To start, HR professionals should determine whether employees are working domestically or internationally. Here are a few tips for protecting each category of worker:
1. ‘Domestic Work Anywhere’ Employees
When looking at the corporation’s workforce, it’s important to ask: “Is the payroll system capable of handling multistate withholdings?” Often, companies will need to pay extra to upgrade their payroll systems to account for the additional withholding requirements that are tacked on by remote employees. This can occur when employees travel between multiple states or provinces for work.
Also, it’s a good idea to note whether the company has a business presence within a state or province. If not, there’s a chance remote employees are creating a business presence, or tax nexus, within a state—an action that could set off extra tax obligations for the corporation.
2. ‘International Work Anywhere’ Employees
When employees hop from country to country while working, it may create many of the same compliance concerns as with remote workers working across domestic lines. However, there are often even more complicated dangers that pop up internationally. For instance, HR professionals may need to consider country-specific Social Security rules or potential immigration violations if they don’t know where employees are choosing to work.
Ultimately, an important step in setting up a remote work policy that prepares for these dangers is establishing a way to keep track of employees’ whereabouts.

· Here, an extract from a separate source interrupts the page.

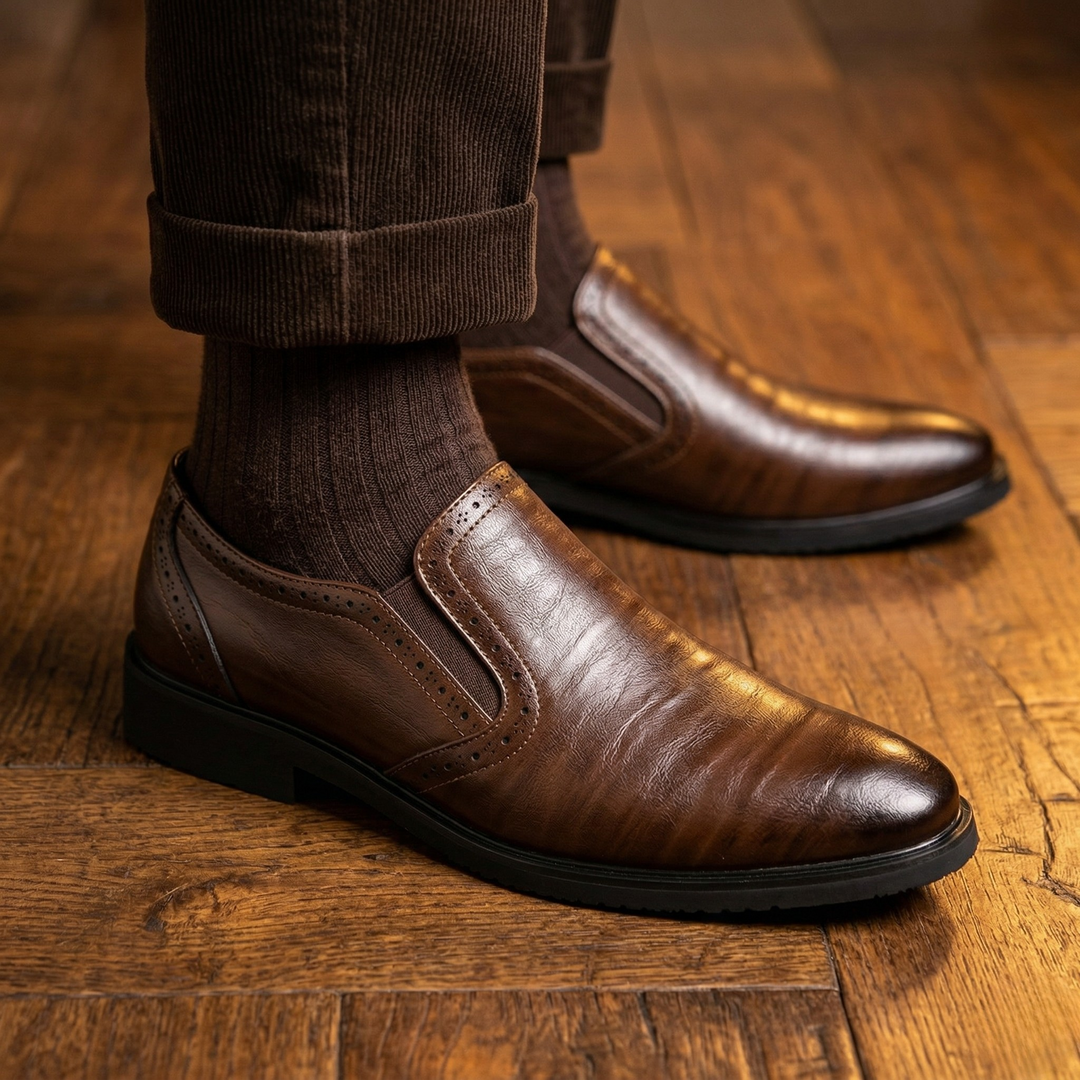 Giovanni Lucente Leather Loafers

Although outright GPS tracking is not recommended, corporations may want to encourage routine location check-ins, build an approved work location list, or create a policy that asks employees to provide location updates.
Determine how long is too long.
In many cases, employees’ tax obligations will depend on the amount of time they work within a given jurisdiction. However, the rules for how long employees can work in a given jurisdiction tax-free will vary drastically from place to place. That’s why HR professionals need to understand where employees are working, how long they will work there, and that jurisdiction’s specific laws in order to maintain compliance. Because this can lead to an overwhelmed HR department, it’s a good idea to consider third-party assistance or technology if there is a large number of employees working in cross-border locations.
It’s also important to create documents, such as remote work FAQs, to guide remote employees. In the end, if employees are confused or concerned about their working situation, they may uproot and head elsewhere. That’s why HR professionals should make sure remote employees understand their tax reporting obligations and what policies they need to follow in order to stay tax- and company-compliant.
Proactive HR Professionals Can Avoid Tax and Compliance Pitfalls
Remote work has the potential to drive employee risk higher, and this could stack extra work on HR professionals’ plates. However, HR professionals can plan a more manageable path forward. By setting up proactive remote work policies, understanding risks, and setting boundaries now, HR departments can avoid the upcoming surge of risk that’s bound to follow from the remote work revolution.
Mark Tirpak is managing director for GTN’s South region. He has more than 20 years of professional experience in advising multinational companies on global mobility-related issues, including expatriate taxation, payroll, equity compensation planning, international assignment policy review, and program administration. Having been an expat himself enhanced his desire to assist and help simplify the process for employees working outside their home countries.